Exercise :: Apart from the images, output the data below exactly.

─── Data ───

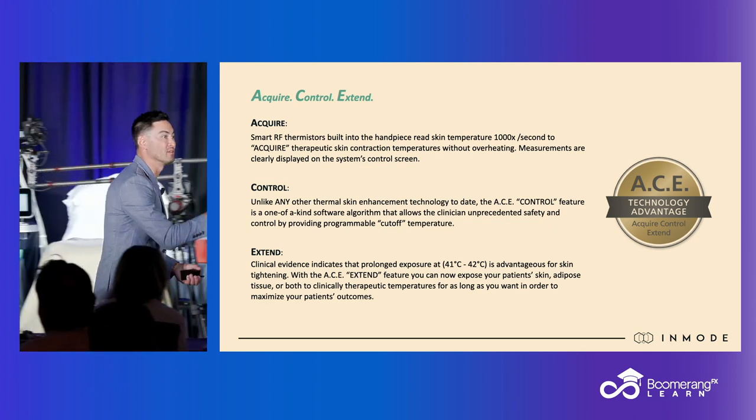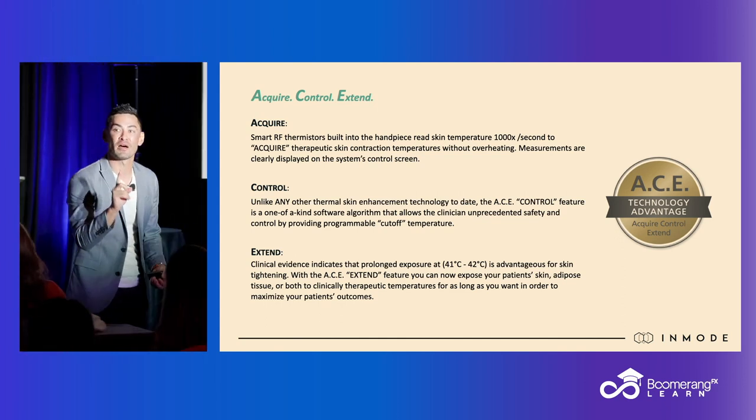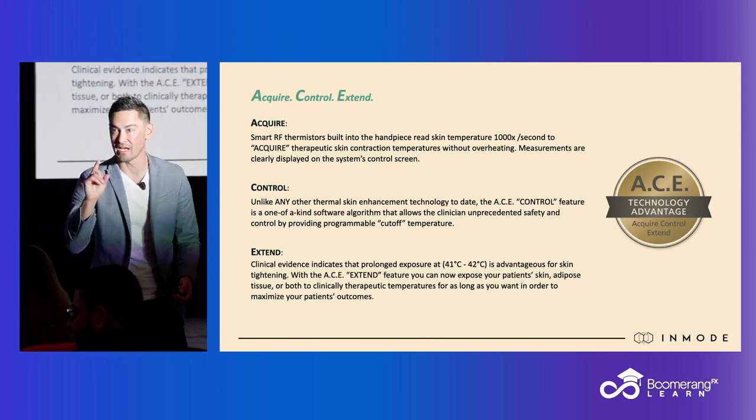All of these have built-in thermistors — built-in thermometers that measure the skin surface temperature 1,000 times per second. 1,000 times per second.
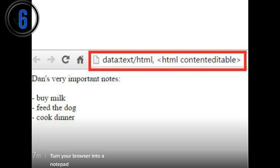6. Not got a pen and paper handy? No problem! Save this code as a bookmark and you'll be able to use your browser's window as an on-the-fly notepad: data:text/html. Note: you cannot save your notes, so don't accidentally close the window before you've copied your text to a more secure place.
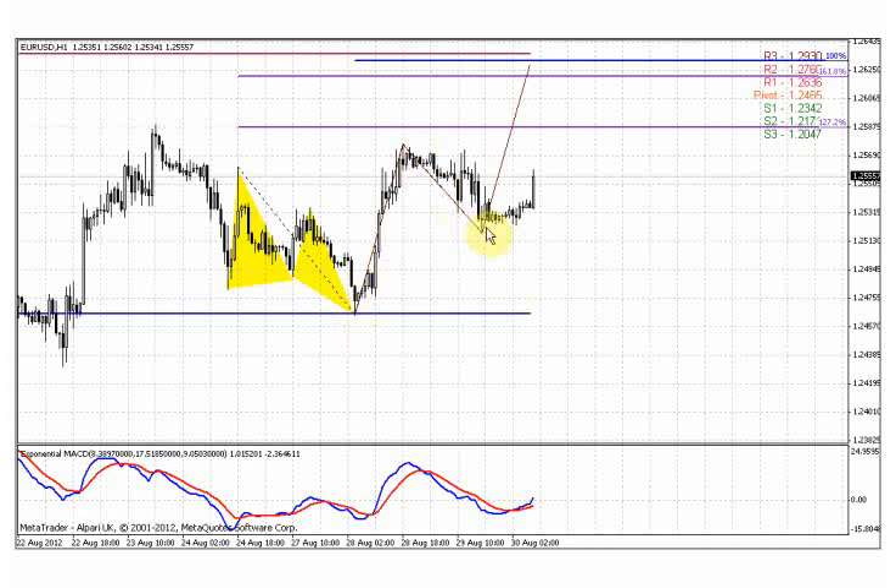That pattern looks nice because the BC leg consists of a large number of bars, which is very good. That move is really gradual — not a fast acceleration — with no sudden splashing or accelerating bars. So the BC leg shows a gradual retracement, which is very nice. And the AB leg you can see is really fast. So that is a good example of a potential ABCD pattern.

───

Finished exercise ::
All of these have built-in thermistors — built-in thermometers that measure the skin surface temperature 1,000 times per second. 1,000 times per second.
6. Not got a pen and paper handy? No problem! Save this code as a bookmark and you'll be able to use your browser's window as an on-the-fly notepad: data:text/html. Note: you cannot save your notes, so don't accidentally close the window before you've copied your text to a more secure place.
That pattern looks nice because the BC leg consists of a large number of bars, which is very good. That move is really gradual — not a fast acceleration — with no sudden splashing or accelerating bars. So the BC leg shows a gradual retracement, which is very nice. And the AB leg you can see is really fast. So that is a good example of a potential ABCD pattern.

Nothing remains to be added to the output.